What is required:
Retype, exactly and with both ends included, the lines below from the one containing "The first major" through the end; omit the pictures.

Dataset content:
===

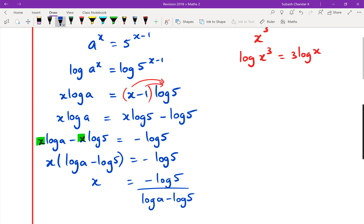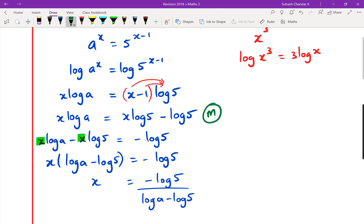Someone tried to cancel the log 5s — you cannot do that. Leaving the answer as x = −log 5 / (log a − log 5) is perfectly fine. In terms of grades, getting to the expanded log form earns a merit, and fully completing the rearrangement can earn an excellence.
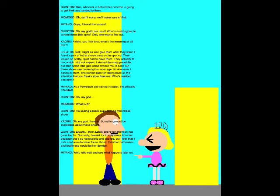Oh my god. What is it? I'm seeing a black aura coming from these shoes. Oh my god, there is! Something must be suspicious about those shoes. Exactly. I think Lola's desire for attention has gone too far. Normally, I would try to stay away from her because she's so narcissistic and spoiled. But I fear that if Lola continues to wear those shoes, then her narcissism and brattiness would be her demise.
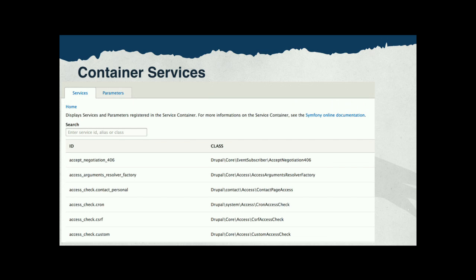The first major new page for Drupal 8 is called container services. Here you can search for any service that Drupal 8 offers and learn more about it. The service names are in the left column and the corresponding class in the right column. There's another tab called parameters, which are cousins of services — they are defined in the same services.yml file of Drupal 8. Services are a major innovation in Drupal 8, a feature inherited from Symfony, and a clean way to expose your code for use by other modules.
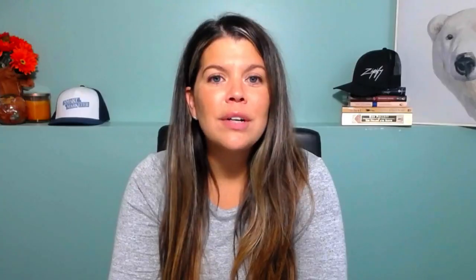If your page is already published, this action would automatically unpublish the page until the scheduled date. And since we always like to make things easier on our customers, we also rolled out an organizational update to our image library feature. You can now categorize your images to make them easier to find.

===

Written reply:
The first major new page for Drupal 8 is called container services. Here you can search for any service that Drupal 8 offers and learn more about it. The service names are in the left column and the corresponding class in the right column. There's another tab called parameters, which are cousins of services — they are defined in the same services.yml file of Drupal 8. Services are a major innovation in Drupal 8, a feature inherited from Symfony, and a clean way to expose your code for use by other modules.
If your page is already published, this action would automatically unpublish the page until the scheduled date. And since we always like to make things easier on our customers, we also rolled out an organizational update to our image library feature. You can now categorize your images to make them easier to find.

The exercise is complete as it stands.